== ACTION ITEM ==
Exclude the pictures, then repeat exactly each line from the one containing "Diana and Wassim Seating Chart" to the final line of the records that follow.
___ RECORDS FOR THE EXERCISE
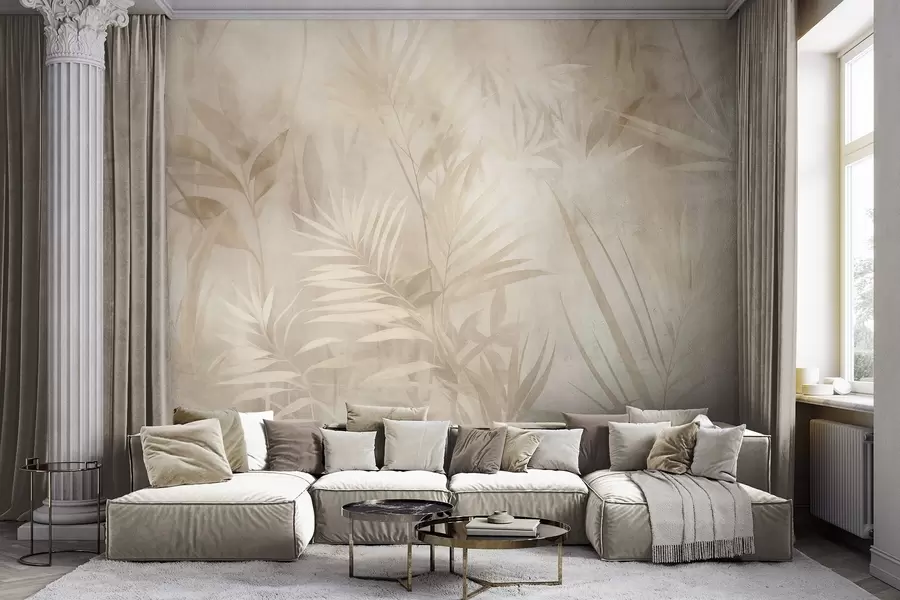 wall murals Палмино лишће у пригушеним беж и крем тоновима, са меком позадином, тропска џунгла w10023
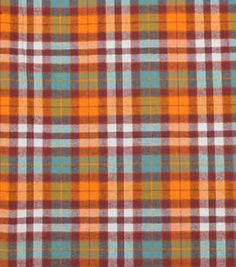 an orange and blue plaid fabric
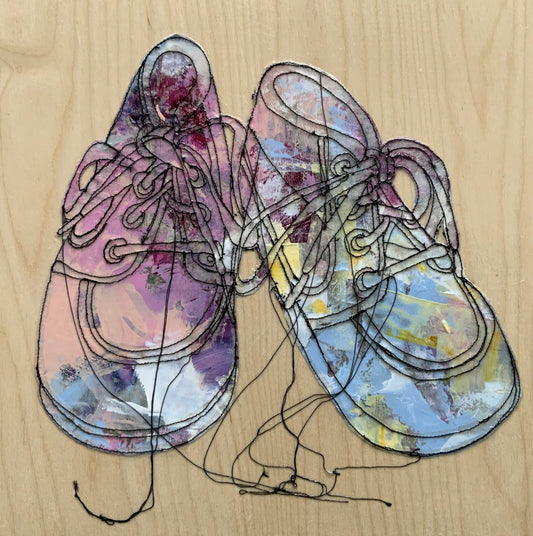 Sylvie Lajoie Oeuvre original - Techniques mixtes 12x12 Petits pieds No 2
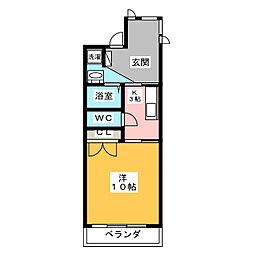 E・Sword154 1Kの間取図画像
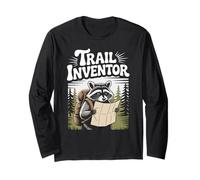 Randonneur en Plein air Trail Inventor Funny Hiking Raccoon Manche Longue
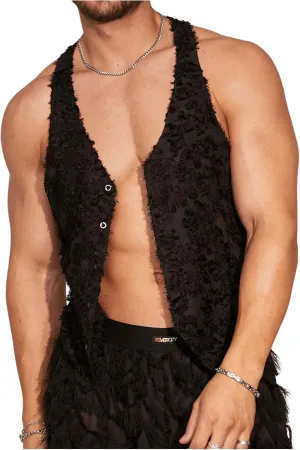 Milumia Men's Floral Vest V Neck Button Down Sleeveless Club Vests Tank Tops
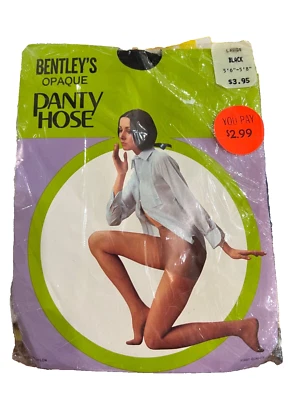 Pantimedias Bentley's Opacas Vintage negras desnudas talla 5'6" - 5'8" grandes años 70 Foto 1 de 2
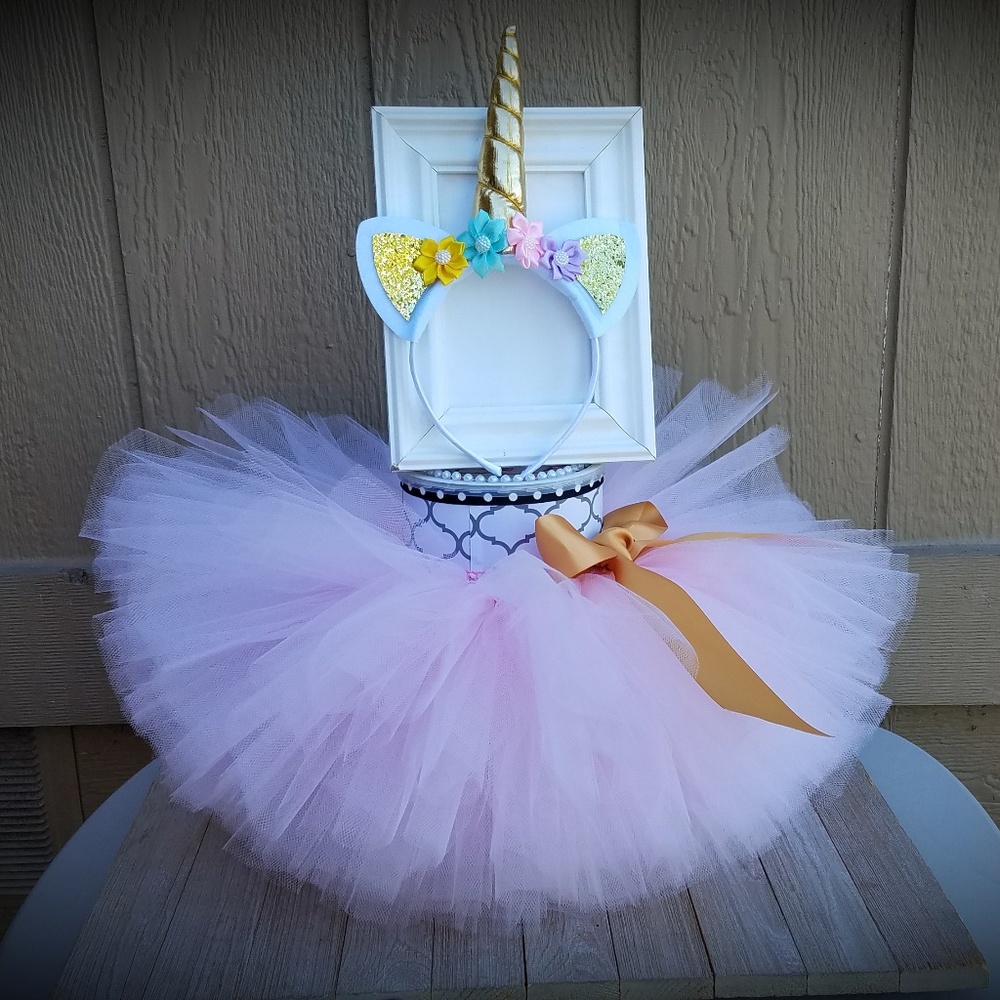 12mo-18mo Girl Unicorn Rainbow Tutu & Headband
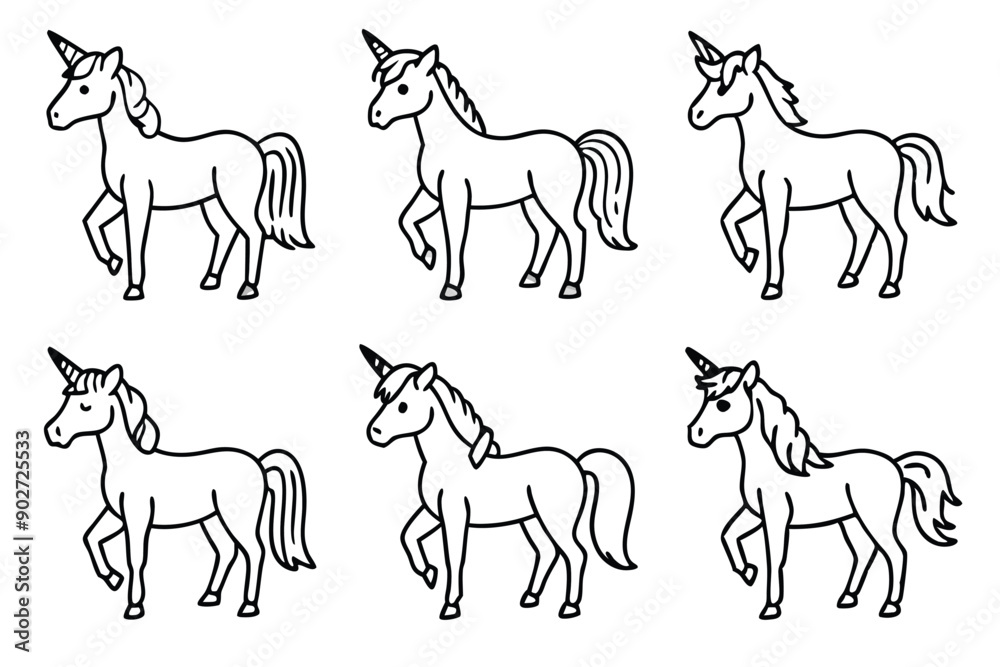 Fototapeta premium Unicorn line art illustration Design Concepts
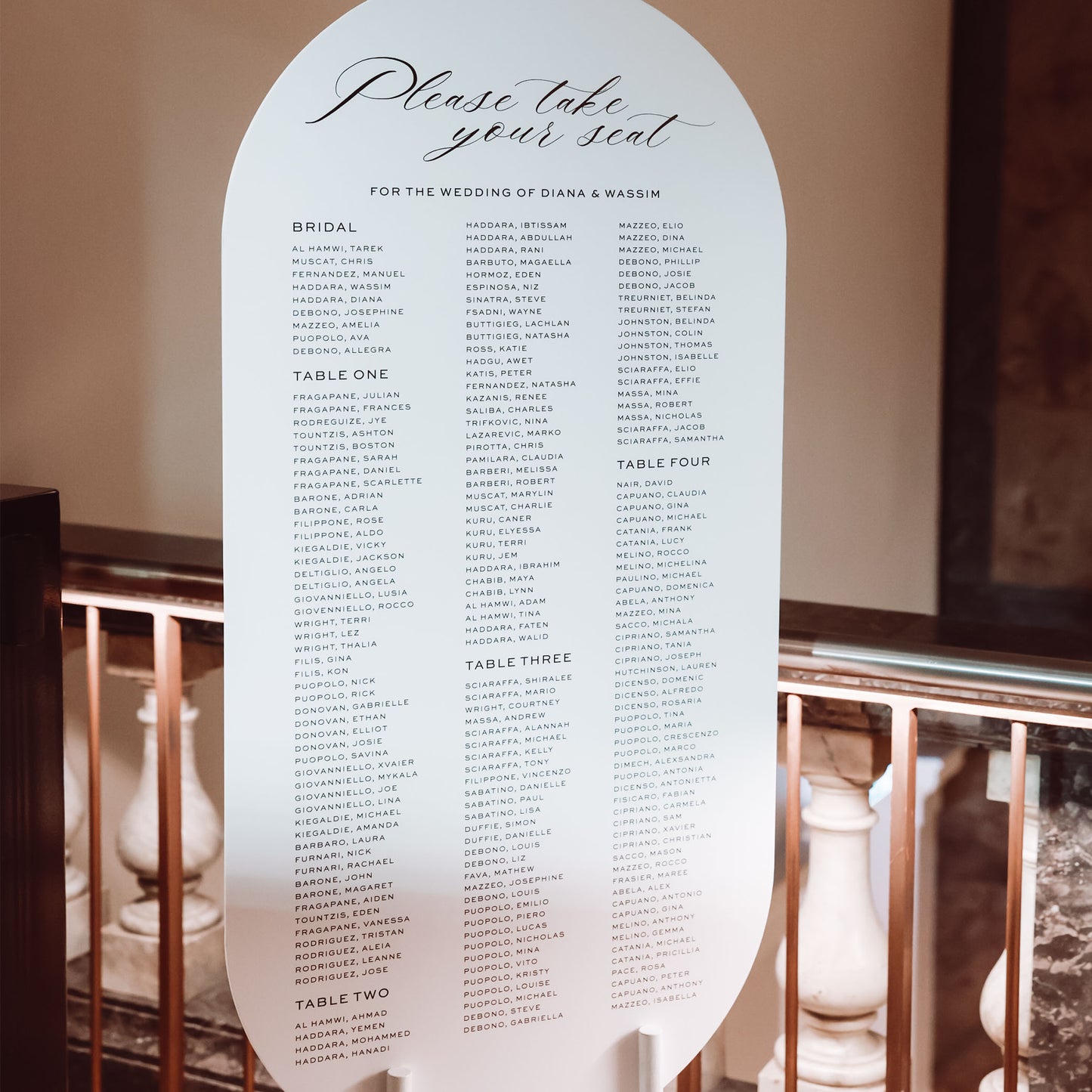 Diana and Wassim Seating Chart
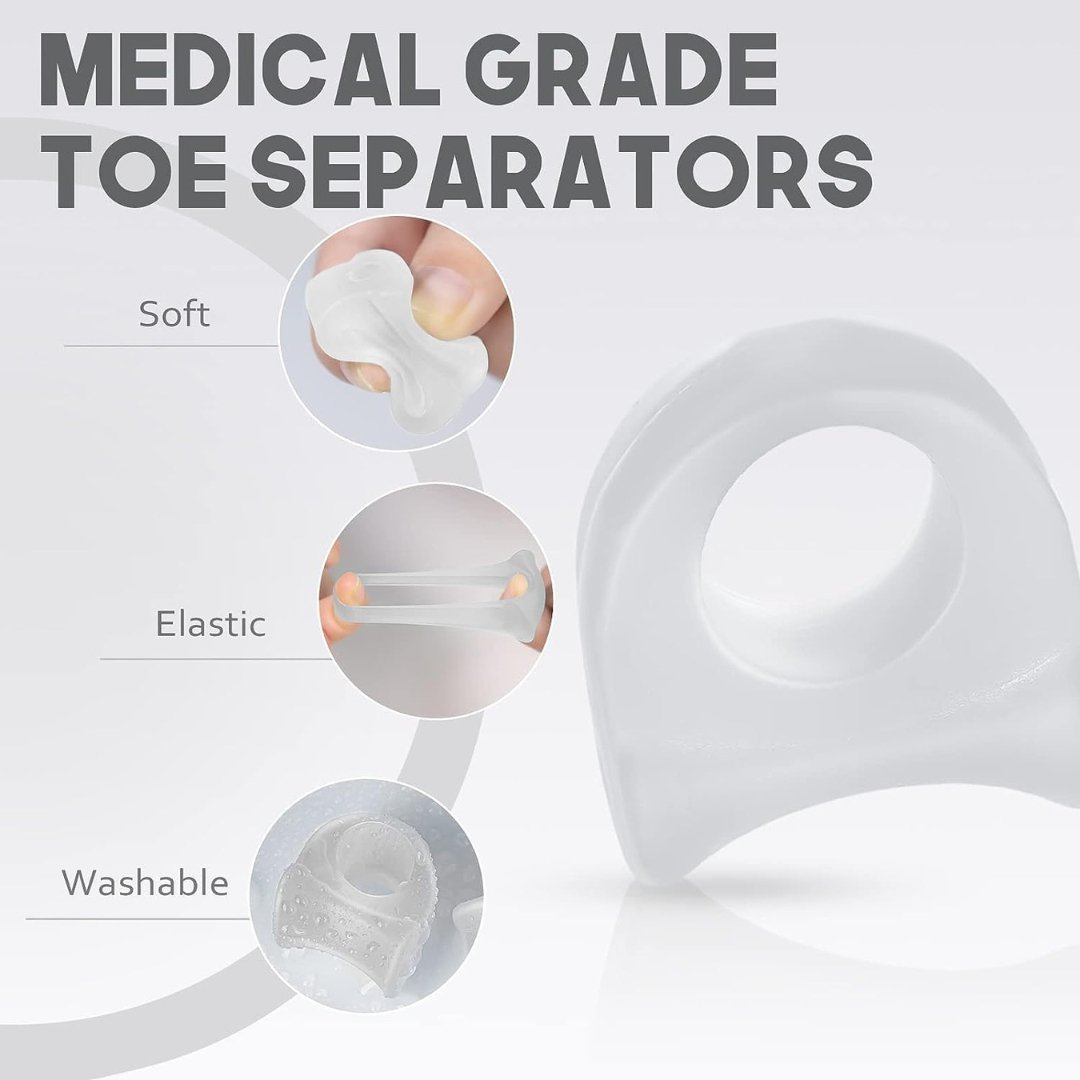 Toe Separators Hammer Toe Straightener| Bunion Corrector Relief (Pack Of 4)(White) Foot Supports- Royalkart - The Urban Store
______
== RESPONSE FOR THIS EXERCISE ==
 Diana and Wassim Seating Chart
 Toe Separators Hammer Toe Straightener| Bunion Corrector Relief (Pack Of 4)(White) Foot Supports- Royalkart - The Urban Store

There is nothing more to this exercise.